Les ouvriers et les ouvrières sont alors des héros de films et ils portent en eux et sur eux les caractéristiques d’un archétype mais aussi d’une utopie. Jean-Gabriel Périot fait le choix d’insister sur la présence du féminin et de son rôle trop souvent occulté dans le fonctionnement de la société. Pour cela, Périot s’attache à suivre le parcours des figures féminines décrites dans le livre de Didier Éribon (la grand-mère et la mère de l’auteur). La grand-mère, aspirant à plus de libertés, sera tondue à la Libération et à vivre, selon ses descendants, dans l’insouciance. Pour la mère, si son sort est en apparence moins abject, il n’en demeure pas moins que sa situation sociale la condamnait à une vie où l’horizon était défini par la soumission à une violence non seulement de classe mais aussi de genre. Les aspirations de la mère s’envolèrent rapidement et furent réduites à néant par la réalité quotidienne. Elle voulait devenir institutrice. Il n’en sera rien.

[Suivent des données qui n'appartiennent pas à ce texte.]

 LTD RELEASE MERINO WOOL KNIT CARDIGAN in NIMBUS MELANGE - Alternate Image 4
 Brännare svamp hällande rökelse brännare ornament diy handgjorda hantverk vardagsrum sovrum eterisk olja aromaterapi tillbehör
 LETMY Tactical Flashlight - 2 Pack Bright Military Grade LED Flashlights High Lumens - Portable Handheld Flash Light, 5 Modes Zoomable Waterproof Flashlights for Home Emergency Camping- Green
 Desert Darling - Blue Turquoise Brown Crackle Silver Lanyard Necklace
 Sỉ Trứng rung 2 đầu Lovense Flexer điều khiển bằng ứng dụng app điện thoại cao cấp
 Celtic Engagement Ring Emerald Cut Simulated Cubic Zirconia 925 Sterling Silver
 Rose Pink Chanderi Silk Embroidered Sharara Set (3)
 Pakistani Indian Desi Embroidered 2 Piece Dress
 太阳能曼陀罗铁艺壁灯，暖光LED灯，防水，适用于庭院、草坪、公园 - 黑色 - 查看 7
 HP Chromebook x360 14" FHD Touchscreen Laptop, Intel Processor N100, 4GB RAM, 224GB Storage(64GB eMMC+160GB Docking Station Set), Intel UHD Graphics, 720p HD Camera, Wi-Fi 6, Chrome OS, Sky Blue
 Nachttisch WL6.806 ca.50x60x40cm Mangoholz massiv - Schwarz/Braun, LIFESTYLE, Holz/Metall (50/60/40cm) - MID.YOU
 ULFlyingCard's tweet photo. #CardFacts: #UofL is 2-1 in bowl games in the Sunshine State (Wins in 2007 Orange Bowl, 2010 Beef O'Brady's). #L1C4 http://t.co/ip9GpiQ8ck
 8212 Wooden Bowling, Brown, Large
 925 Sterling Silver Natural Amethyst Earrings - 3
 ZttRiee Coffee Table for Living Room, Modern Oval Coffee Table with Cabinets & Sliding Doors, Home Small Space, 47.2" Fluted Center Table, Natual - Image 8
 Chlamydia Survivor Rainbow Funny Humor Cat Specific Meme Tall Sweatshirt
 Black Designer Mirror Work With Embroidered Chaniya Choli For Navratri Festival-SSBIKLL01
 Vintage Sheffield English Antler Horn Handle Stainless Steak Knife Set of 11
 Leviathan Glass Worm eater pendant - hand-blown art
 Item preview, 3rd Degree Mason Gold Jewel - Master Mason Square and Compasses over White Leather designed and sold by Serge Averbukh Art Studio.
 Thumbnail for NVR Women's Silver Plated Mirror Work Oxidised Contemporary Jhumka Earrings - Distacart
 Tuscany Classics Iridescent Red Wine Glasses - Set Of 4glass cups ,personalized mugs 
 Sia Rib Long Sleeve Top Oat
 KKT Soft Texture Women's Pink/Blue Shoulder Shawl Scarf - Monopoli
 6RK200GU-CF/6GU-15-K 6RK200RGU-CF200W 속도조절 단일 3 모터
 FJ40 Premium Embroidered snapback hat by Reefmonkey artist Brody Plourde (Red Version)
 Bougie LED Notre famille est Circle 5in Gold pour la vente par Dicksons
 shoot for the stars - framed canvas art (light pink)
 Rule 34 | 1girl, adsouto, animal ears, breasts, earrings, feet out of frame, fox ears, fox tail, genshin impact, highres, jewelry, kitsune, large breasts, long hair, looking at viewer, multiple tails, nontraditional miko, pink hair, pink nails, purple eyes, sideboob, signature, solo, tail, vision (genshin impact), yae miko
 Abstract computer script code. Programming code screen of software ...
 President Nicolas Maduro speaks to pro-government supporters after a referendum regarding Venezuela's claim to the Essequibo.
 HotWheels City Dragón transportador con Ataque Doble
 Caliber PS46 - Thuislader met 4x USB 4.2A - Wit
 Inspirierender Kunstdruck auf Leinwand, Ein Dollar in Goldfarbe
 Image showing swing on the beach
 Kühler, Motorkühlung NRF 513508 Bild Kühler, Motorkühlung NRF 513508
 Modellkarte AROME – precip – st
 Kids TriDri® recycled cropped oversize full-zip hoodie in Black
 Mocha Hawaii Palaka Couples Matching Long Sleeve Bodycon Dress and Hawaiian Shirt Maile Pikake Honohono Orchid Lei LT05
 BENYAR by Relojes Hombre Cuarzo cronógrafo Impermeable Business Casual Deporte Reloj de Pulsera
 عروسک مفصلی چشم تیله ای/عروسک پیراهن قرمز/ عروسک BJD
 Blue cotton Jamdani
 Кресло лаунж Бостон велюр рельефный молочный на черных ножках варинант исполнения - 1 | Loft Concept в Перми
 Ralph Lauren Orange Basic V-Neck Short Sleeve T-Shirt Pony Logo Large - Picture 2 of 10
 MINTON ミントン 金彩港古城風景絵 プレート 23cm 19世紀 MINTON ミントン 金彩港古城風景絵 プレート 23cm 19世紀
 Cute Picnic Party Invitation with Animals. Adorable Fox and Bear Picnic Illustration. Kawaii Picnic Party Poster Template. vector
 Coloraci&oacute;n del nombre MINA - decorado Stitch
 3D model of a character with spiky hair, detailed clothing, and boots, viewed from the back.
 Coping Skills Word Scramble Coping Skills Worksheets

Puis, ce que montre remarquablement bien Périot, c’est comment le corps ouvrier disparaît dans la vie comme des écrans de cinéma. C’est que ce dernier, à partir des années 1980, pour les plus démunis, devient trop cher. Le spectateur mute, il appartient petit à petit à la petite bourgeoisie. Pour les plus pauvres, le cinéma est remplacé par la télévision qui, jusqu’à l’arrivée de la vidéo, continuera de faire de l’écran, cathodique cette fois, le miroir d’une partie de la société paupérisée. Les femmes restent à domicile (des émissions leur sont consacrées) ou sont contraintes de travailler le jour ou tôt le matin, parfois tard le soir, avant d’enchaîner sur des tâches ménagères qui ne leur laissent aucun répit.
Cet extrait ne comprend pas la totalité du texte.